──────── EXTRACTED INFORMATION ────────

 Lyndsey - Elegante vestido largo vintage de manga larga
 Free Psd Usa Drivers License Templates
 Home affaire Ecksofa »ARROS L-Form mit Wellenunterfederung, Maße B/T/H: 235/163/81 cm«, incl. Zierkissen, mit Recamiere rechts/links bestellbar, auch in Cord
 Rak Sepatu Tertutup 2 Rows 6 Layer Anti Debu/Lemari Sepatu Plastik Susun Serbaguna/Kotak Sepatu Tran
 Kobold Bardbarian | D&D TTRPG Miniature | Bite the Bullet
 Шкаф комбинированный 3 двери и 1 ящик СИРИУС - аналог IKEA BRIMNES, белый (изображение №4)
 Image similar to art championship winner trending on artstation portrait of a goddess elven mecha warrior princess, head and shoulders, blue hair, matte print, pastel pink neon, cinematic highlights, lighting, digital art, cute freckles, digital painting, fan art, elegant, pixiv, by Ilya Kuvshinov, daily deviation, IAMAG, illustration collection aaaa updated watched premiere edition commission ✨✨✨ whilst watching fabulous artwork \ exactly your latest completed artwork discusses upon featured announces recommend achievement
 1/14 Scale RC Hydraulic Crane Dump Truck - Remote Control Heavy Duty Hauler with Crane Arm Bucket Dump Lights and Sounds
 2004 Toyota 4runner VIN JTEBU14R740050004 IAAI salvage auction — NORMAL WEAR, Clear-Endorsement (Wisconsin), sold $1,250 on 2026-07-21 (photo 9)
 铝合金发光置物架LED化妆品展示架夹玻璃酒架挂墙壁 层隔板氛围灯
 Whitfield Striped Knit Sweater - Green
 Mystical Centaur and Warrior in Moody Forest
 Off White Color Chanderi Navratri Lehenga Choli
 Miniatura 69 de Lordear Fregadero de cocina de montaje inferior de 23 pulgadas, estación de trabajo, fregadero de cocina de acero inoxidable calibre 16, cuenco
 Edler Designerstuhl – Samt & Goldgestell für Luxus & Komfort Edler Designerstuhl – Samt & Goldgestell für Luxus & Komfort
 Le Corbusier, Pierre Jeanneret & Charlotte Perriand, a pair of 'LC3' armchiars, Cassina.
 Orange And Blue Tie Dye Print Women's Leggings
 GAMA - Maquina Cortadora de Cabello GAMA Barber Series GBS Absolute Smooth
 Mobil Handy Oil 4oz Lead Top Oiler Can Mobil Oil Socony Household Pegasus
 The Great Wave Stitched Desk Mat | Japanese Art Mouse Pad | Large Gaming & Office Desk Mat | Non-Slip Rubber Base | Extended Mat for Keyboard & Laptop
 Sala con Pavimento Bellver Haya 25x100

────────

[WHAT YOU SHOULD DO] Only those lines of the entries above that run from the line containing "Home affaire Ecksofa" to the line containing "Шкаф комбинированный 3", both included, should be transcribed exactly.

[RESPONSE FOR THIS EXERCISE]
 Home affaire Ecksofa »ARROS L-Form mit Wellenunterfederung, Maße B/T/H: 235/163/81 cm«, incl. Zierkissen, mit Recamiere rechts/links bestellbar, auch in Cord
 Rak Sepatu Tertutup 2 Rows 6 Layer Anti Debu/Lemari Sepatu Plastik Susun Serbaguna/Kotak Sepatu Tran
 Kobold Bardbarian | D&D TTRPG Miniature | Bite the Bullet
 Шкаф комбинированный 3 двери и 1 ящик СИРИУС - аналог IKEA BRIMNES, белый (изображение №4)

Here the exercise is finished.